Apache Hadoop is open-source and thus customer service is not really a strong point, but the documentation provided is extremely helpful. More so than some of the Hadoop vendors such as MapR, Cloudera, or Hortonworks.

Technical Support:

Again, it's open source. There are no dedicated tech support teams that we've come across unless you look to vendors such as Hortonworks, Cloudera, or MapR.

Which solution did I use previously and why did I switch?

We started off using Apache Hadoop for our initial Big Data initiative and have stuck with it since.

How was the initial setup?

Initial setup was decently straightforward, especially when using Apache Ambari as a provisioning tool. (I highly recommend Ambari.)

What about the implementation team?

We are the implementers.

What's my experience with pricing, setup cost, and licensing?

It's open source.

Which other solutions did I evaluate?

We solely looked at Hadoop.

What other advice do I have?

Try, try, and try again.
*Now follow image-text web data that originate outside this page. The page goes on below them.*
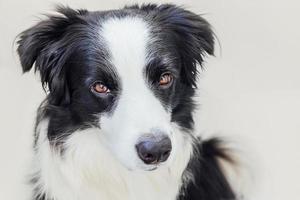 Funny studio portrait of cute smiling puppy dog border collie isolated on white background. New lovely member of family little dog gazing and waiting for reward. Pet care and animals concept. photo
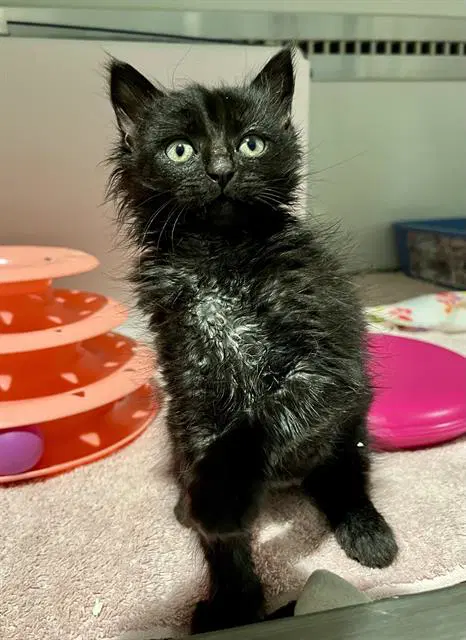 Isadora - Domestic Medium Hair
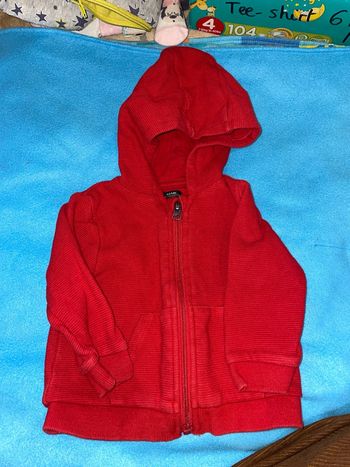 Gilet à capuche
Experiment with MapReduce and YARN. Fine tune your processes and you will see some insane processing power

I would also recommend that you have at least a 12-node cluster: two master nodes, eight compute/data nodes, one hive node (SQL), 1 Ambari dedicated node.

For the master nodes, I would recommend 4-8 Core, 32-64 GB RAM, 8-10 TB HDD; the data nodes, 4-8 Core, 64 GB RAM, 16-20 TB RAID 10 HDD; hive node should be around 4 Core, 32-64 GB RAM, 5-6 TB RAID 0 HDD; and the Ambari dedicated server should be 2-4 Core, 8-12 GB RAM, 1-2 TB HDD storage.
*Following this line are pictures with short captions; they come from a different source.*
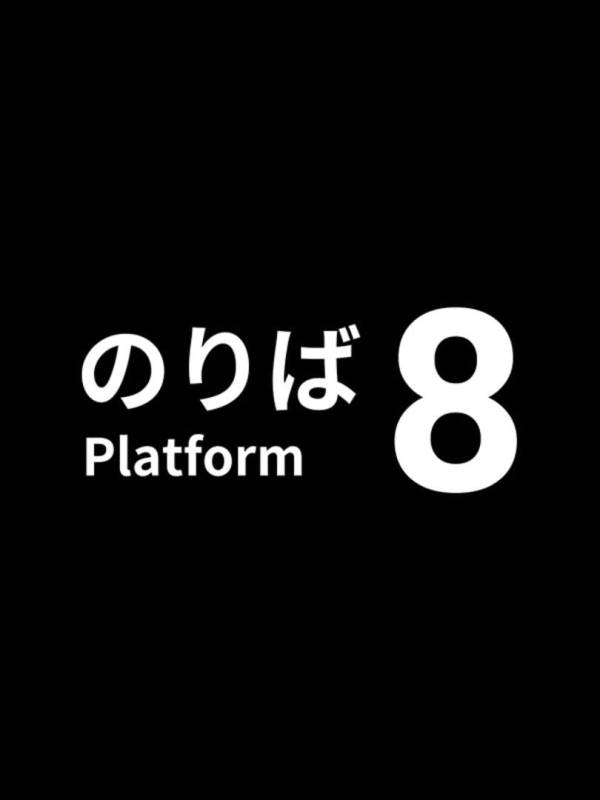 Platform 8 image
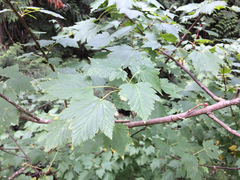 Acer glabrum douglasii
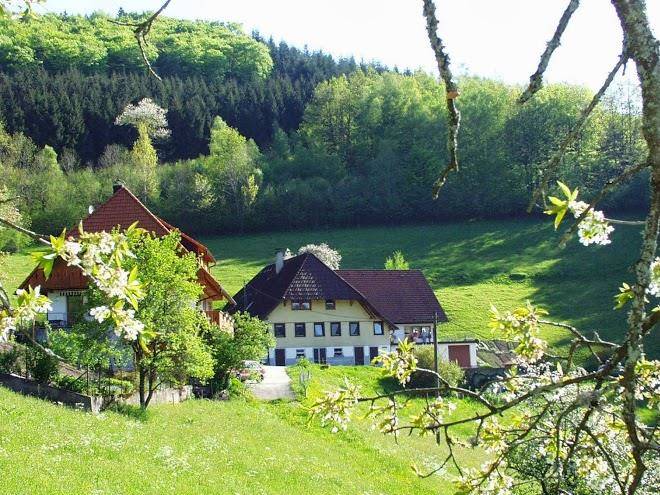 Ferienwohnung morgethof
Disclosure: I am a real user, and this review is based on my own experience and opinions.
2 visitors found this review helpful
author avatarSarit Seal

Great job. Did you guys check out Cloudera, Horton or any of the commercial distributions or just downloaded Hadoop and started.
All the clients I worked with aligns with a distribution. I agree with your comment on stability I myself have set up yarn for my pet spark projects and have never faced a problem that I could not resolve.

author avatarColt Rodgers

We have since partnered with Hortonworks and are researching into the Cloudera and MapR spaces right now as well. Though our strong suit is Hortonworks, we do have a good implementation team for any of the distributions.